Bil: Troubleshooting by interpreting the data values and error patterns is tricky at best when you have only one type of error, you may have a couple of errors going at the same time.

My advice would be top find one of those locations that has an error and do a tight loop writing and then immediately reading back. Indicate how bad it is somehow, for example a variable on a screen that shows how many of the last 10 were correct.

This gives you one error condition for you to examine a couple of different ways. You can scope and make sure everything meets spec and you can also add some capacitance and see if a certain signal makes it better or worse. (sometimes worse is as good an indicator if in theory it shouldn't be affected).

With a tight loop going, I recommend that you start with the power supplies, but don't stop there unless you see something horrible (though if everything else is okay you may need to come back to them.)

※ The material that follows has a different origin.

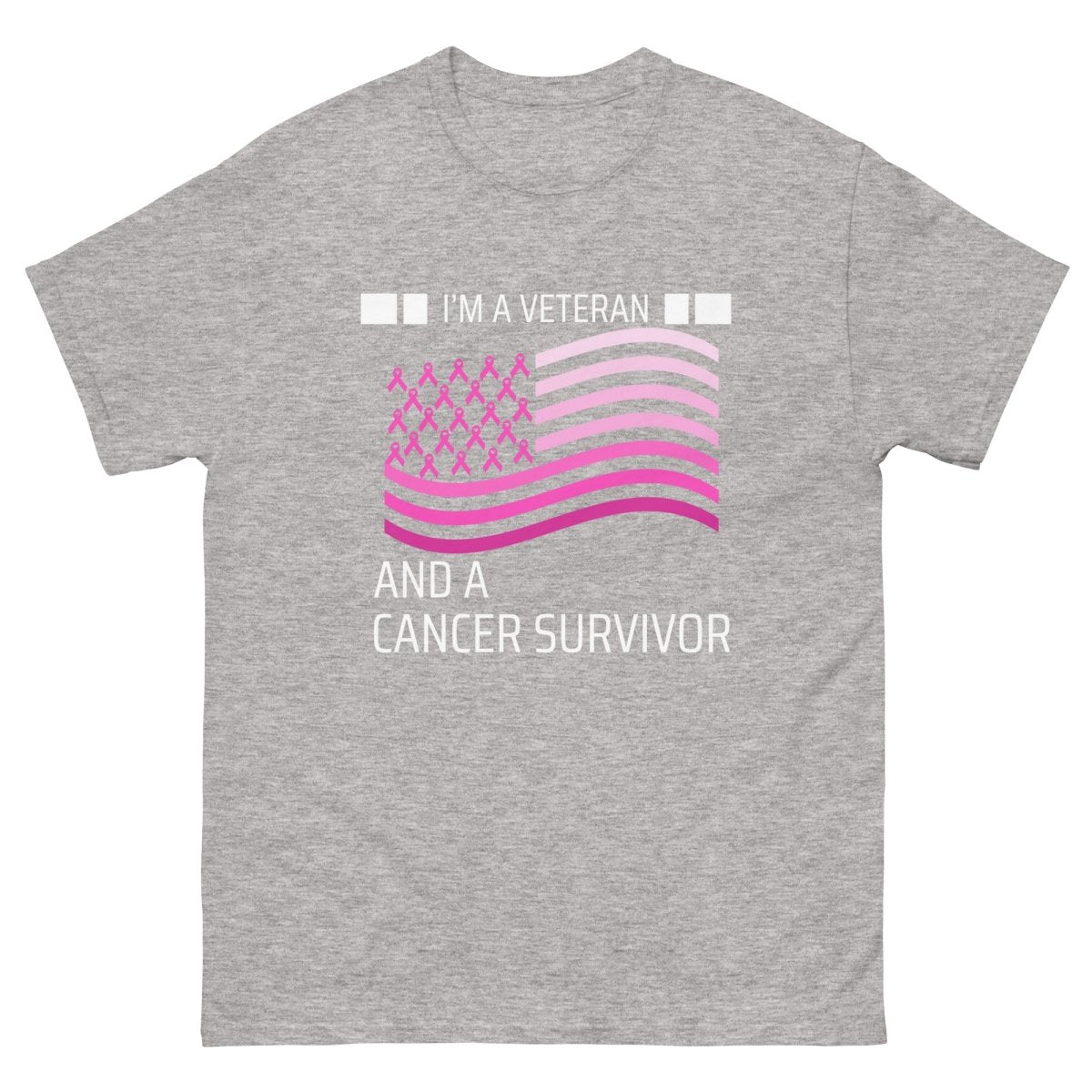 Veteran Cancer (Customizable) Flag Tee - JohnVsGBMSport GreyS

If you have a good scope, I recommend a 250mhz (got mine off ebay until I broke down and got a DSO) scope. Float the ground of the AC plug (very important) by either removing the ground prong on the AC plug or put a ground adapter that opens up the earth ground. Now get right across each chip in question with as short of ground lead on the probe. For this purpose do not just clip to ground somewhere, you want the scope to see what the chip sees. They even make very short ground leads that are stiff and basically as long as the probe tip for this reason.

Now you can leasurly scope everything while keeping an eye on the indicator that says it is still malfunctioning, this is very important as otherwise you are troubleshooting something that is basically working 99.9% of the time. When you scope VCC/GND at this point you are looking for an upset, the ground lifting or the VCC ringing. A .3V lift when the output spec is .4v is a good example of the challenge in making a logical zero. You can scope the '257's too but the result at this point would be that you can see the 257 mess up and you try to determine why, otherwise seeing power supply noise is learning what really hurts and what doesn't by removing it.

Now on DRAMs every GND and VCC pin should have connections in two directions, if either pin is on a stub (one direction of current flow) the stub will ring like a bell when the sudden rush of current hits it. You can solder solid insulated wires at all of the VCC's and also the GND's and make a grid and rule out VCC and GND as the culprit. I usually muck up at least one PCB and leave it that way so that I know if it makes it better or no difference for each problem I troubleshoot until I have everything fixed. Also solder a .1 MLC directly diagonal on the bottom of the PCB across each DRAM and maybe the mux's. Again leave them there for the duration.

Now if you have grided , scoped and bypassed the power supply you can then go after the signals. Get a signal like RAS on one channel and trigger from it. It should be clean with minimal ringing, again NO LONG GROUND LEADS on the scope, no more than two inches and it should ground right to the DRAM area . Remember when doing timings on signals you count the part only after the ringing is below .2v or so. I get suspicious any time something gets near .1v ring, in fact properly terminated the only ringing you should see should be kinda fuzzy and lost in the scope trace.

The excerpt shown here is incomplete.